I loved this. That scene near the end.....really felt like everyone in the theatre was experiencing something together haha.
Thought this was pretty good. Middle slightly dragged, there were decent stretches of time without laugh out loud parts. But the last 15 minutes are incredible and overall it delivers on the concept well throughout. Seriously though the last act is batshit insane and fantastic. My one complaint is that nick kroll's character sucked. His initial appearance is a good one off joke...then they play it as probably the second most important thread in the plot.
That was the worst part of the movie for me. He was pretty much a Jersey Shore stereotype that probably wouldn't even have been that funny in 2010.
Kroll's character is lite a less charming Bobby Bottleservice (let this sink in, his character is top 5 screen time!!!). I don't understand how anyone can know that character and enjoy the douche. Everything about this movie is piecemeal and lazy. Some of the worst jokewriting I've seen in a long time, repetitive and unoriginal; this movie coasts on the fact that anthropomorphic food items are the ones delivering the lines and the fact that the phrase 'PiXXXar' is intriguing in this day and age. Everybody's phoning their roles in, and save for the opening song/fuck party at the end, I have nothing good to say about this movie.
If they found a way to make something less ridiculous than bath salts the connection between the humans and the food, and also found a way to integrate that into the film about 45 minutes earlier, then we might have something. That at least dynamically would've brought something to the table and made the plot a bit more interesting to me ( how do these two groups coexist when one needs to feed on the other to live), but what do i know? Seems like this is going to make money hand over fist regardless of what I think.

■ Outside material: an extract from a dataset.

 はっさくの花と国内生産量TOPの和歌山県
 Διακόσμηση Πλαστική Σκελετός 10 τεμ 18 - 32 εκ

I liked this. Right now I'd hold it towards the lower tier of Rogen/Goldberg collaborations, but that's not really a knock. I found myself appreciating aspects of the humor more than I was laughing out loud, though I did enjoy Nick Kroll's animated douche version of Bobby Bottleservice. A lot of my favorite parts of this were visual gags. The douche sucking juice out of the juice box's torn crotch was a highlight, as was the kind of subtle satirization of gendered anthropomorphized animals and inanimate objects in kids movies the movie made by ogling a fucking female hot dog bun. The religious thesis wasn't really fresh or revelatory, but whatever, it's more bearable than dealing with most atheists one on one. It was fine.
Bobby Bottleservice is just such a fucking terrible character himself. There were funny things on Kroll show for sure but that was sooo far from one of them.
I agree, Seth Rogen says this has been 10 years in the making, so I have to think that jokes about juice-head douchebros and bath salts were probably timely around the time it was written. But it felt stale and they just kept hammering away at it. I felt like I was waiting the entire movie for something clever to happen and it only did twice (the war scene and the ending, just because of how crude it was.) The meta ending was also really odd and tacked on.
There were a ton of parents with young children when I saw it. A little girl kept laughing her ass off at the word "****."
OMG, seriously the Seth Rogen/Edward Norton name drops at the end were so dumb, lol. The more I think about this, the more I'm amazed. But the '10 years in the making' thing helps add a lot of it up. I'm glad I'm not alone in my disappointment.
I'd be lying if I said I couldn't see how others wouldn't enjoy it. For one thing, there's none of the pathos that helps to offset everything else that usually goes on in Rogen's films.
What.... the fuck.... Wait, why am I surprised? This country has Donald Trump running for president. Of course mouthbreathers bring their kids to this R-rated gross-out comedy....
My theater had workers checking IDs at the door to the theater. Surprised a theater would have let kids in.